Polished the front wheel hubs.










Engine bay cleaning and dressing.




























Done.



















Stubborn dirt.



















And beading.










Korrosol in action.










Marred the paint because of the blue (hard( VP clay. Never use it, people!










The following day the sun came out, so all the scratches were visible.





































In to the garage now. Found a pretty good light at home, it was creating a lot of heat however.










Well... Those scrathes were all over the lower door edge on both sides. Ewww. Auto car wash maybe?














































Here we go! Started with SPF amd black pad just to learn the basics of polishing etc..










Glue residue...










Ver deep scratch going through the paint all the way to the metal... Gotta touch it up as well as stone chips on the bonnet.










FG400 and orange pad was the compounding combo that worked very well.




























Dad came to help me, so I taught him how to polish. He did the bonnet, pretty well I'd say!










This is a brand new pad after a half the bonnet. Let me tell you something: I have never ever saw a car with such a rough paint. It felt like a sandpaper. Really.










Then my lamp broke, so called it a day and went to do something else.










Oh yes, let's do some polishing in the engine bay.










And don't forget the exhaust tips. Dirty from that turbo soot. Gahh.



















And then it was...

*June*

By the way, the exhaust tips aresupposed to be "Black Chrome" from factory, but I managed to polish them to very light "Black Chrome" as you can see here in this pic where I also removed the diffuser for better access. 










Not 100% perfect, but much much better than before.










Now back to the paint. Yes, still doing the right side. Got some nice reflections, though.










Obligatory:










Too deep to remove, this scratch was. And without a PTG I really didn't want to push harder on the paint.










At that time my father got mad that he has not driven the car for a long time, so I was literally forced to wash the car and at least put a coat of Sonax NPT. At least I cleaned the interior. It did really need it.

http://i.imgur.com/Ck8Cv8k.jpg










http://i.imgur.com/7QerrDp.jpg

*July*

The end... finally.

Started the month with yet another engine bay once over. This time, I focused on the metal pipes more. And sprayed some AF Dressle on the plastics.

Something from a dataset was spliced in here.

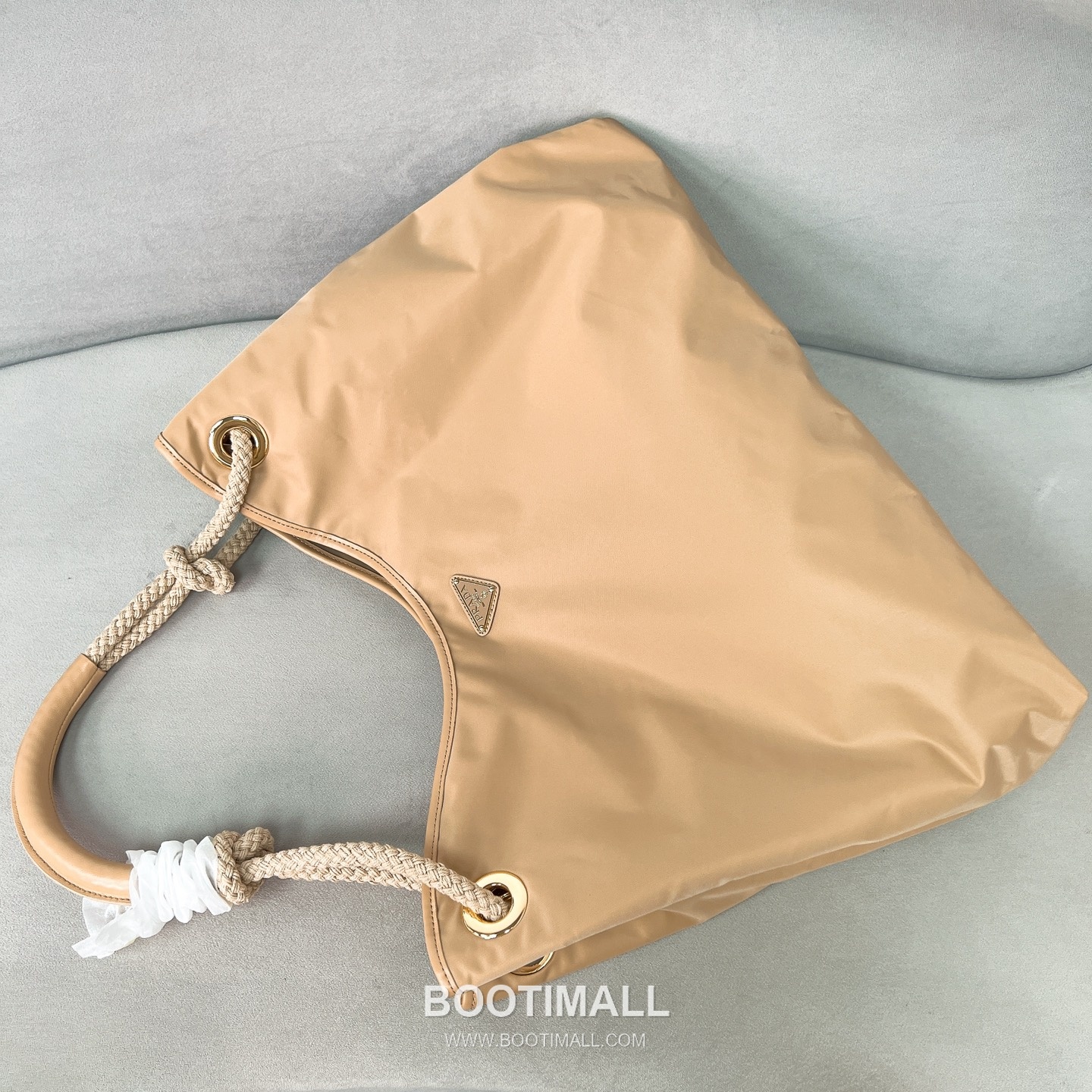 Prada Re-Nylon Oversize Tote Bag with Rope Handle Triangle Logo Detail 프라다 리나일론 로프 핸들 트라이앵글 로고 오버사이즈 토트백 1BC244 48cm 17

A few days after, I was annoyed I still have not finished the car yet so I went straight ahead and started polishing like a mad guy. It took me 4 days to compound the right side and front end. I had some problems with choosing the right combo. Settled on SPF & white hex pad for the second stage. No jewelling unfortunately, but I really wanted to finish the car ASAP. And as a proof, I have got no photos. I was too damn busy.

Last weekend I approached the end of my detailing journey. Put one layer of NPT (enough for the car, it's not a daily driver) and BSD (which was for the God's sake so damn hard to work with!!!). Dressed the exterior plastics, the honeycomb grille, the air inlets, the rear diffusers and hand polished the area around door handles, window trim and cleaned up some polish and glue residue. Also Gummipflege'd all the seals. Oh, IPA'd the whole car before sealant and QD, too.























































Thanks to my good luck, dad did not have time to drive the Einser this week. Therefore I apologize for the lack of good after-photos. Hopefully I'll do a photoshoot in two weeks.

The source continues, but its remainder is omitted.